“Net Neutrality” is the future of democracy

The internet might rightly be called the greatest medium of free expression in human history – but just how free is the internet?

This month a federal court ruled that Internet Service Providers (ISPs) can block or slow internet content they don’t like … or charge popular sites to be accessed. 

In other words, the company that provides your internet can also decide what you see on it.

The ruling has caused an uproar, with everyone from government regulators to high-tech companies trying to decide what to do next.  Many of them argue that the principle of “net neutrality” – the idea that every site on the internet should be treated equally by ISPs – is essential to preserving the potential for the internet as a free exchange of ideas. 

For Joel Federman, a member of Saybrook’s Human Science faculty who heads its interdisciplinary concentration in Social Transformation, this discussion couldn’t be more crucial.  The future of democracy – which depends on access to information – is at stake. 
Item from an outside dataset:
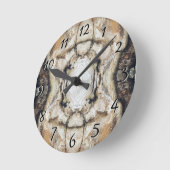 Rustic Woodland All Natural Tree Bark Theme Ronde Klok (Hoek)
“Net neutrality is an issue of profound importance to those who believe in social justice and in expanding democratic participation in social and political life,” says Federman.  “To date, the internet has been one of the great democratizing forces in history, with much additional promise.  Net neutrality is one of the basic principles that keeps that promise alive.”
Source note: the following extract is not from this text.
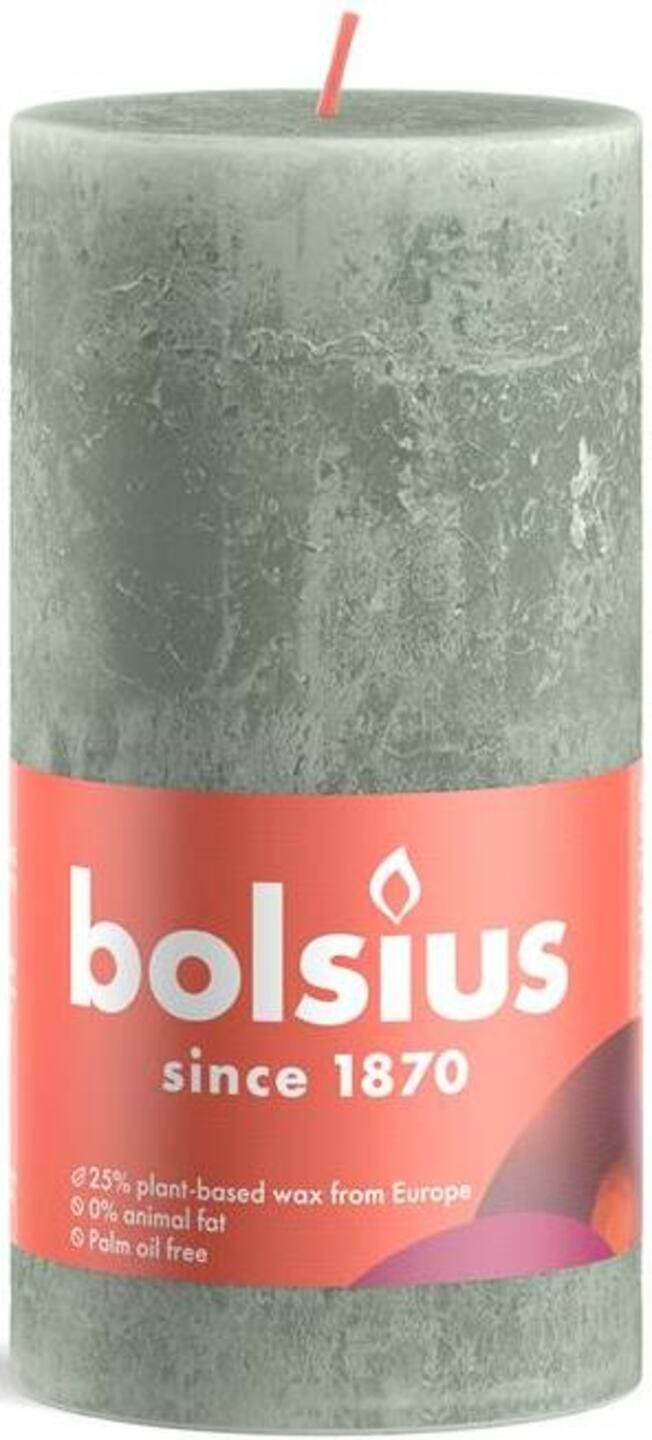 Фото - Свічка декоративна Bolsius SHINE 130/68 нефрит (790368) Фото - Свічка декоративна Bolsius SHINE 130/68 нефрит (790368)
To Federman, the court’s recent ruling falls into a history of attempts to put up barriers to the right of basic civic participation … and anyone who doubts that the internet is now one of the primary venues for civic participation isn’t paying attention to the way politics are conducted, news is followed, and communities are formed today..

“Net neutrality means that anyone with access to a computer and an internet connection has the potential to become a new voice in civil society, at all levels, from the local to the global,” he says.  “Allowing internet service providers to set further financial barriers to access the internet is like a “poll tax” for a new generation–it limits participation to those who can afford it, and allows private companies to determine the price of access. So, those interested in promoting social activism and citizen participation have a stake in preserving net neutrality.”

Federman cites some specific actions people can take, such as becoming more informed about the issue through websites like openinternetcoalition.org, or by signing the Common Cause petition to the Federal Communications Commission supporting efforts to maintain net neutrality.